Back in the days when I was heading up here from Somerville every other weekend to visit Jane (a routine almost a year in the past, if you can believe it), I developed a regular stable of podcasts to load onto Authority for the trip up and back, some two and a half hours total. I’d start off with MPR’s Grammar Grater, then ease into NPR’s It’s All Politics as I approached 95N. Then it’d be time for Radiolab, WNYC’s excellent science program, and on the way back I’d dive into This American Life. Bringing up the rear (and often carrying forward into the next set of trips’ listening) would be the Slate Culture Gabfest, and a show about RPGs, Active Time Babble. There were others that cropped up from time to time, such as the programs that Nancy Pearl, librarian extraordinaire, would do with different Seattle radio stations, and Book Tour, broadcasts of author talks from the Politics & Prose bookstore in Washington D.C., both of which abruptly stopped for such a long time that I gave them up for dead.  (Grammar Grater fell into that category a while back as well.)
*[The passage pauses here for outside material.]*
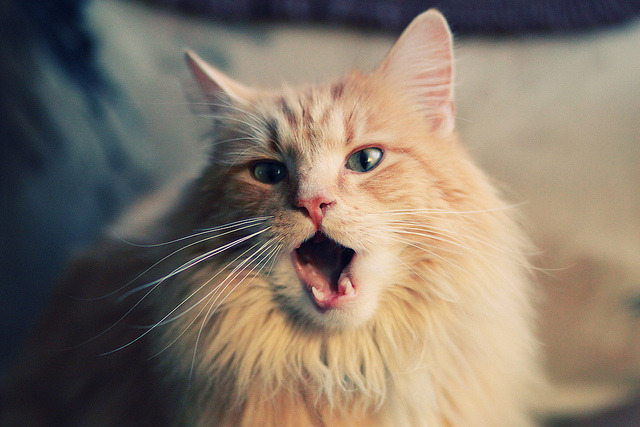 青少年“全民篮球日”在南京举行，共享运动快乐，青少年全国篮球联赛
Now I’ve been reviving some of the old podcast traditions, with my good friends Ron Elving and Ken Rudin keeping me up to date on politics, Jad Abumrad and Robert Krulwich doing the same with science, and Ira Glass and his team filling me in on just about everything else, but these excellent programs only fill up so much time, and there’s five hours to kill each week.  I’d like for my listening to be more focused— to give me information that I could put to use in one of my current writing/editing projects.

With that in mind, I’d love to hear about your recommendations for the best podcasts out there in the following areas:  technology (where our personal devices are headed), history (17th-century baroque and proto-American would be especially helpful), the military (standard practices and lingo), and Northwestern life (Seattle, Portland, etc.).  Ones that can clearly explain economics and architecture would also be good, though the latter probably would suffer from a purely audio format.  I can be drawn in by pretty much any compellingly explained information and explored quandaries, I suppose, and that’s always useful, but I’m constantly pouring this stuff into my head– I could really use some filtering!

Much appreciate your input, and I hope that if you aren’t already tuning into the podcasts that I mentioned, you’ll check them out.  Quality stuff.  Except when Steve Metcalf is being a little too bitchy about some book or movie not sufficiently rarefied for his taste.